Il testo sacro dell’islam è il Corano, un’opera redatta in prosa ritmata araba, divisa in 114 capitoli (sure), ordinati in modo che dopo una breve sura iniziale i singoli pezzi si succedono in ordine decrescente secondo la loro lunghezza: la seconda sura conta 286 versi, mentre le ultime contengono soltanto pochi versi. Secondo la concezione dei musulmani, il Corano (letteralm. la Lettura) contiene le rivelazioni ricevute dal Profeta direttamente da Dio per mezzo dell’arcangelo Gabriele. Il Corano non è un testo “ispirato” da Dio (come la Bibbia), ma costituisce una vera e propria trascrizione letterale della Sua parola.

Il contenuto del Corano è comunque assai vario. Vi si trovano lodi a Dio, descrizioni della sua unicità, della sua grandezza, della sua misericordia, descrizioni del giudizio universale, descrizioni della bellezza del paradiso, ecc.

Il Hadith nell'Islam

Grande spazio occupano nell'Islam le disposizioni sul culto, sulla vita sociale e osservazioni su vicende che riguardano il profeta stesso.

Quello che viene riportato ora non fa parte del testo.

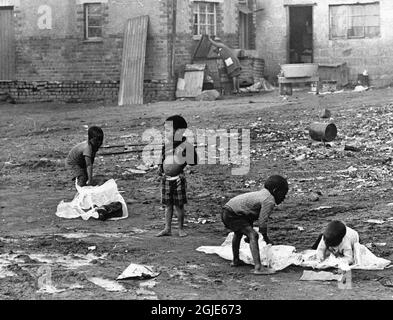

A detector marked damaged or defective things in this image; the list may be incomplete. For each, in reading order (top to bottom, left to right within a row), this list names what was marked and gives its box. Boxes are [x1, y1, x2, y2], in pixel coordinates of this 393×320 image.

Per venire incontro al mutare dei tempi e alle necessità di nuove leggi e precetti, accanto al Corano si consolidò una legge sorta dalla tradizione, la sunna (cioè la norma).

Vi si possono trovare resoconti sulle parole e azioni del Profeta e dei suoi primi discepoli, che rappresentano il modello e la guida per il pensiero e l’opera di tutti i musulmani: sono chiamati hadith, e sono stati raccolti in una vasta serie di antologie.